Beneath this instruction is a listing; print exactly the lines in it starting at the line that contains "Ветровка с капюшоном" and going through the line that contains "DistinctInk Tough Case".

[Given records]:
* * * *
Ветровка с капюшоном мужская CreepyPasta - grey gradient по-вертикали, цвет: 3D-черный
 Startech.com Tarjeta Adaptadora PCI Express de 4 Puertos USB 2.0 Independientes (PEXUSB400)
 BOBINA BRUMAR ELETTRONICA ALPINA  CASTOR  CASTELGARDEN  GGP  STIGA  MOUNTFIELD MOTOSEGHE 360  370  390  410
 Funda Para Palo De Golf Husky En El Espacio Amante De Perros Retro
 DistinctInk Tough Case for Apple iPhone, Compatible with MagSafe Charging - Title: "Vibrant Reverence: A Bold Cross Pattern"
* * * *
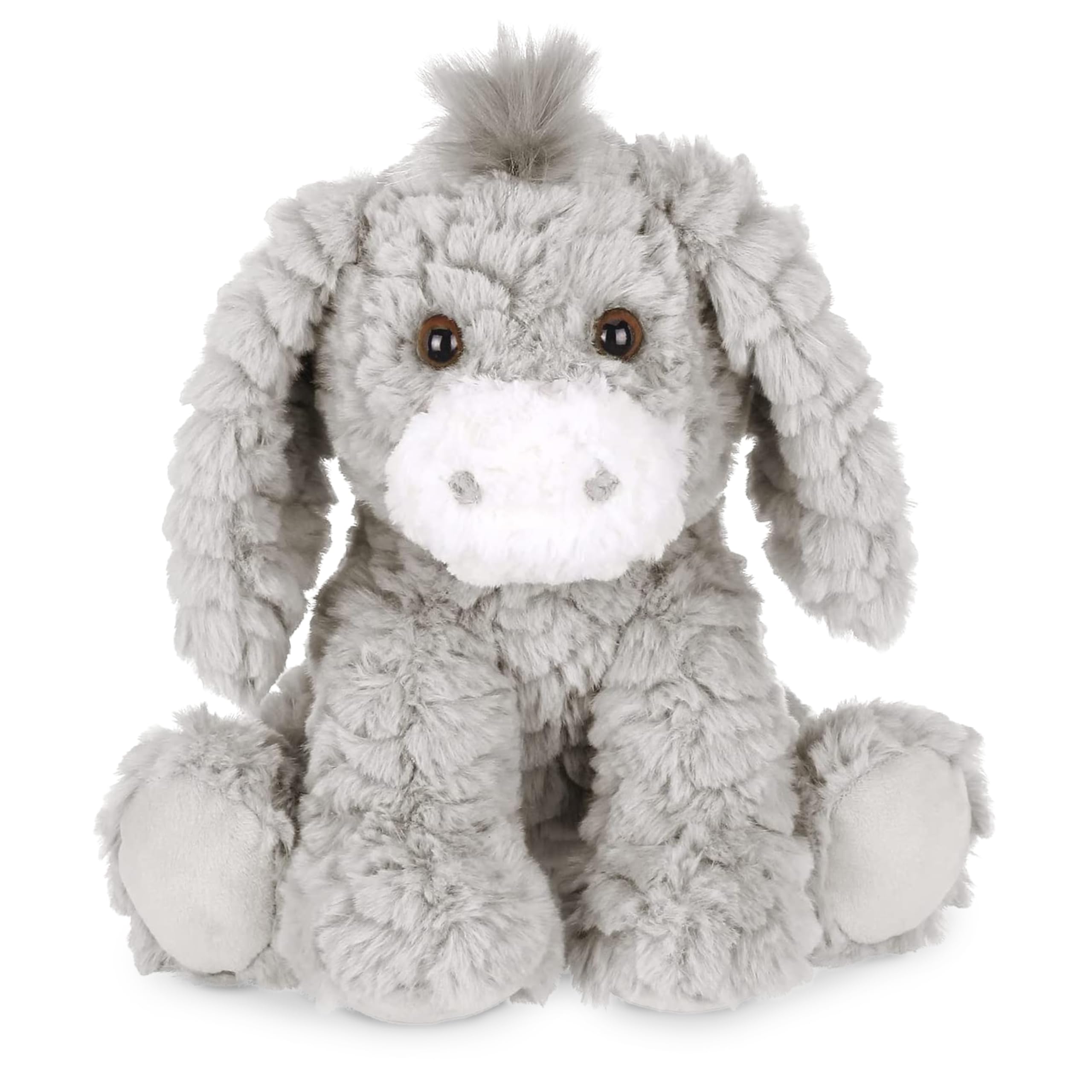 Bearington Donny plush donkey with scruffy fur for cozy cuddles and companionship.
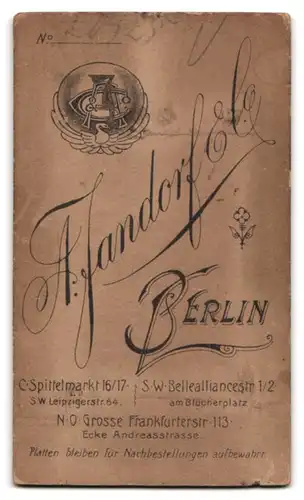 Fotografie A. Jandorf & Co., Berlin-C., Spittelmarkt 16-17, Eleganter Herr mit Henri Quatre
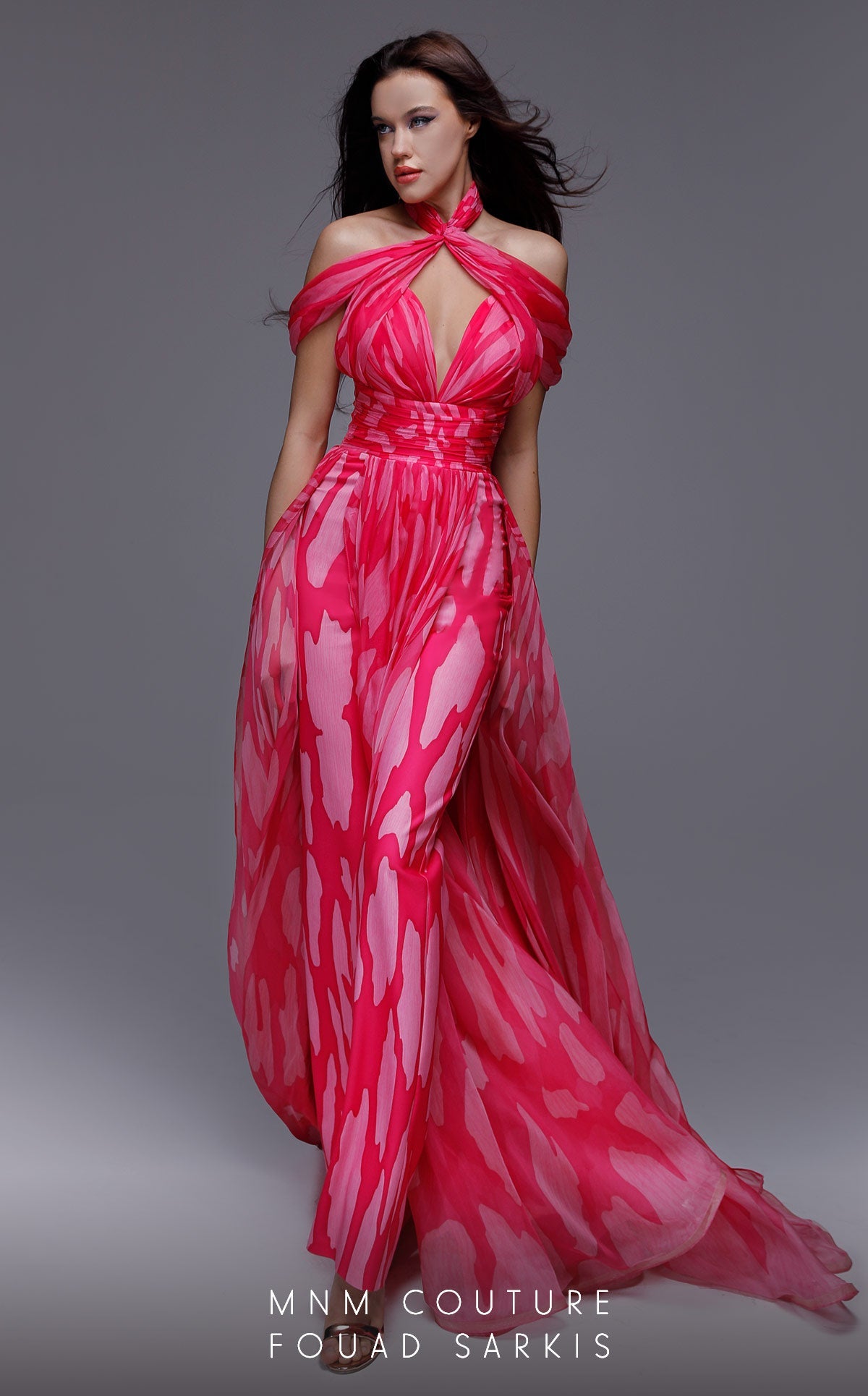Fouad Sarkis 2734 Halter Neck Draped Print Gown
* * * *
[Completed exercise]:
Ветровка с капюшоном мужская CreepyPasta - grey gradient по-вертикали, цвет: 3D-черный
 Startech.com Tarjeta Adaptadora PCI Express de 4 Puertos USB 2.0 Independientes (PEXUSB400)
 BOBINA BRUMAR ELETTRONICA ALPINA  CASTOR  CASTELGARDEN  GGP  STIGA  MOUNTFIELD MOTOSEGHE 360  370  390  410
 Funda Para Palo De Golf Husky En El Espacio Amante De Perros Retro
 DistinctInk Tough Case for Apple iPhone, Compatible with MagSafe Charging - Title: "Vibrant Reverence: A Bold Cross Pattern"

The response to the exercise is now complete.